Manke testified that, in his opinion, there was loss to the value of the properties adjacent and surrounding the trailer park because of the present existence of a legal trailer park. His testimony is to the effect that whatever diminishment of value of the surrounding properties by reason of the subject property being used for trailer park purposes already exists by the very existence of the trailer park fronting on Waukegan Road. Building permits for neighboring properties were introduced in evidence by the plaintiffs disclosing that residences were constructed on adjacent or nearby properties at the time trailers were located upon the subject property.

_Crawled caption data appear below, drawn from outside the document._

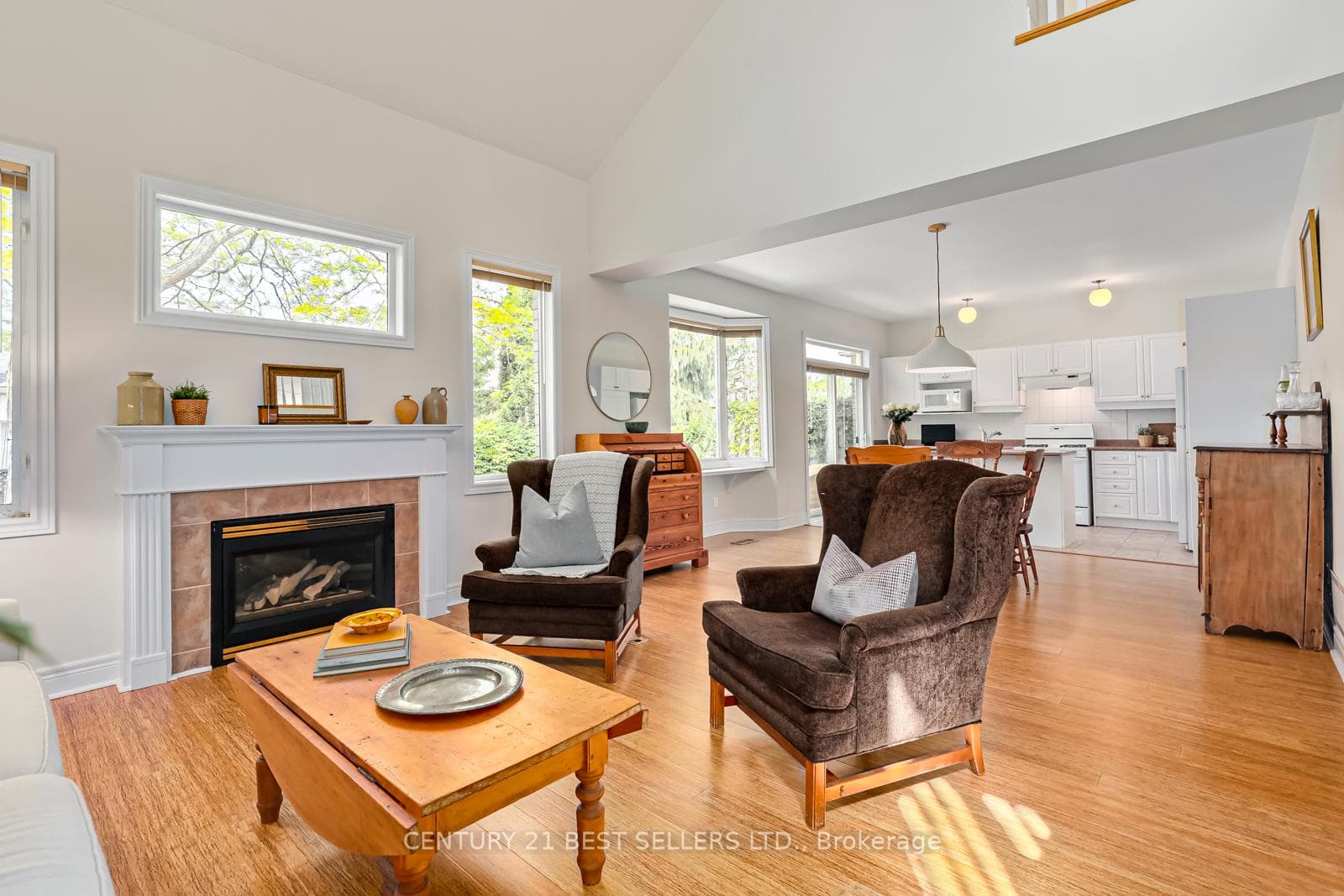 22 Callary Crescent photo 8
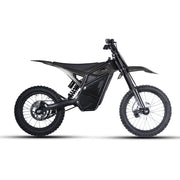 DHZ Vexor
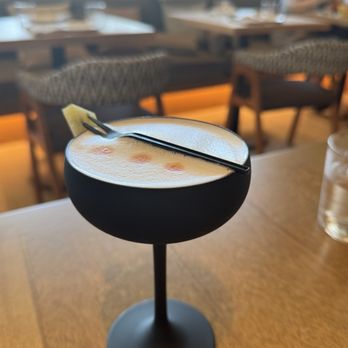 Teleferic Barcelona - Al-Andalus Sour - Spanish Near Me - San Diego, California Teleferic Barcelona - Al-Andalus Sour - Spanish Near Me - San Diego, California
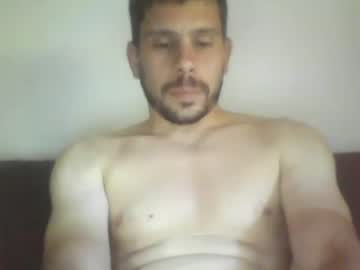 Lelem1092 Chaturbate stream image from July 17, 2025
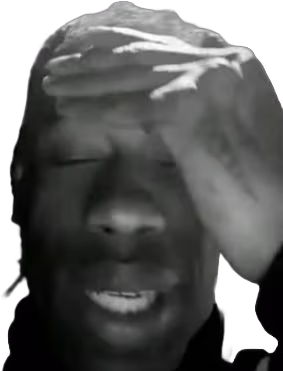 Travis_Scott_Apology emote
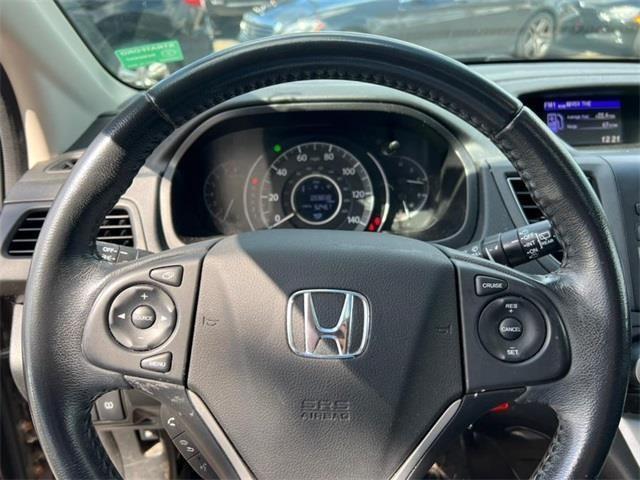 Used Honda Cr-v EX-L 2014 | Wiz Leasing Inc. Stratford, Connecticut Used Honda Cr-v EX-L 2014 | Wiz Leasing Inc. Stratford, Connecticut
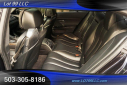 Thumbnail image of 2013 BMW 6 Series at Lot 99 LLC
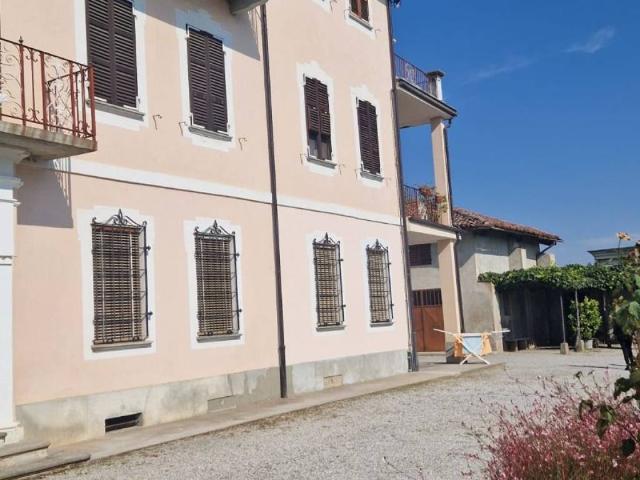 Appartamento in vendita a Cuneo CN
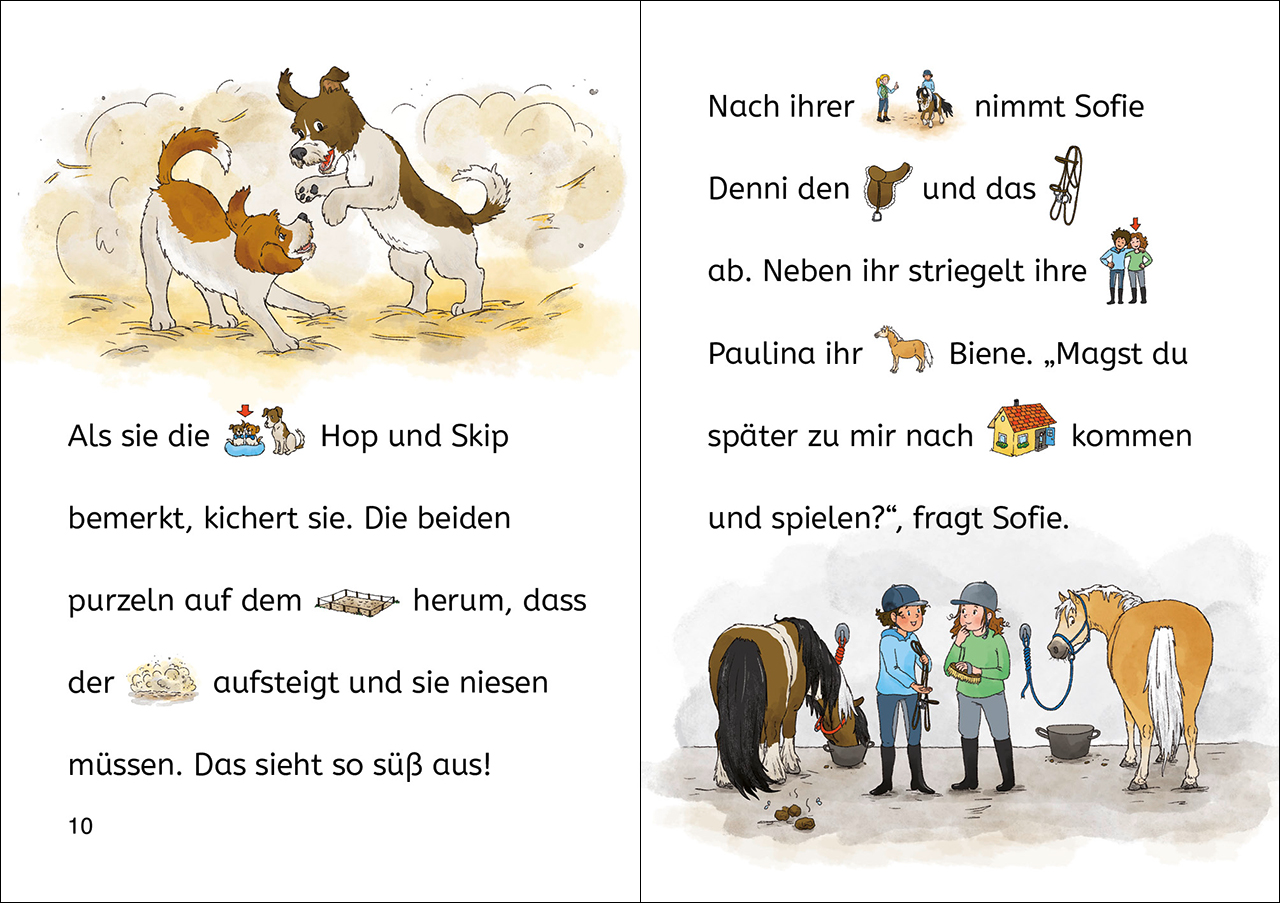 9783743211940_innenansicht_02.jpg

Two experts testified on behalf of the county, William S. Lawrence and George H. Kranenberg. Both Lawrence and Kranenberg are zoning experts who assisted in the adoption of the new county comprehensive zoning ordinance or assisted in the adoption of zoning ordinances of various other municipalities. Neither of the experts of the county testified as to the value of the plaintiffs' property as zoned for residential purposes or as zoned for trailer-park purposes and neither testified as to any specific diminishment of value of surrounding properties by reason of the existence of a trailer park upon the subject property.

Kranenberg, who assisted in the adoption of the county zoning ordinance, testified that the subject property was of no value for residential purposes unless additional properties could be purchased, so that some access could be obtained to and from the property. Kranenberg stated that in the preparation and recommending of the Cook County zoning ordinance he did not consider the factors which the Supreme Court of Illinois has laid down to determine the reasonableness of the county zoning ordinance. As a matter of fact, he did not know them. He testified that the line of demarcation between business uses and residential uses was placed in this area predicated upon maintaining a straight line without regard to ownership of the property. He testified that the only variation from the straight line was made where the use of the property extended beyond the desired straight line. On cross-examination it was disclosed that the Signo Furniture Company, which owned the property immediately north of the plaintiff's property, had a business use and that part of their property was zoned for business purposes and the other part of their property for residential purposes. It was testified that the only standard used was the maintenance of the straight line, and that had the Signo Furniture Company used more of their property for their furniture building, the straight line would not have been maintained.

On this appeal the plaintiffs argue that they have been deprived of their constitutional rights in that the limitation of the zoning ordinance as applied to the subject property results in little or no gain to the public compared to an almost total confiscation of plaintiffs' property. They further argue that applied to other property the zoning ordinance bears no relationship to public health, safety, comfort, morals or welfare and is arbitrary and unreasonable and denies plaintiffs the right to use their property for a trailer park while it permits others in similar situations to use their property for such purposes.

On the other hand, the defendant states that the plaintiffs purchased the premises with full knowledge of the zoning ordinances and have failed to sustain their burden of establishing the invalidity of zoning ordinance in question.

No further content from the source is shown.